Türkiye’nin karşılaştığı meselelerle ilgili yorum yaparken ya da çözüm yollarını gösterirken genellikle bardağın dolu tarafından bakıyoruz. Oysa işin boş tarafları da bulunuyor.
Türk milletine ve devletine ait güzel hasletler olduğu gibi arızalı ve hastalıklı durumlarda var. Onun için duygusal tepkilerden uzak durarak gerçekçi tespitlerde bulunmak zorundayız.
Bu sebeple uğradığımız en son bozgun olan Hırvatistan’la oynadığımız milli maç ve futbol üzerinden bazı çıkarımlar yaparak, Türk milleti olarak bazı şeyleri niçin yapamadığımızın üzerinde durmak gerektiğini düşünüyorum.
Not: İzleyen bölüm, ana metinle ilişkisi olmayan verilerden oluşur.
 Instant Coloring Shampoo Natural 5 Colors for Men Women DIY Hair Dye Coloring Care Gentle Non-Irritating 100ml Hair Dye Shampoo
Futbol, yüz yılı aşan bir süre boyunca insanlık aleminin en çok ilgisini çeken olgulardan biridir. Bana göre geçirdiği süreç ve geldiği nokta; onu bir spor dalı olarak tanımlamama imkan vermiyor. Benim bu tezimi de Simon Kuper’in “futbol asla futbol için değildir” diye herkesçe bilinen sözü destekliyor.
Futbol kanaatime göre, başlı başına bireyi ve toplumu en iyi ifade eden şeylerden biri. Şeylerden biri diye yazmamın nedeni ise futbolun doğru tanımına henüz ulaşabilmiş değilim. Belki de futbolun gizemi; insanlar üzerindeki büyük etkisi ve her olayda değişkenlikler göstermesi nedeniyle, tanımlanamayacak bir elastikiyeti içeriyor olmasından geliyor. Koskoca bir işadamını tribünde çıldırmış bir taraftar olarak görmek bana her zaman tarifi zor bir durum olarak gözükmüştür. Ya da atılan bir golden sonra “şak” yapan genelkurmay başkanı gibi…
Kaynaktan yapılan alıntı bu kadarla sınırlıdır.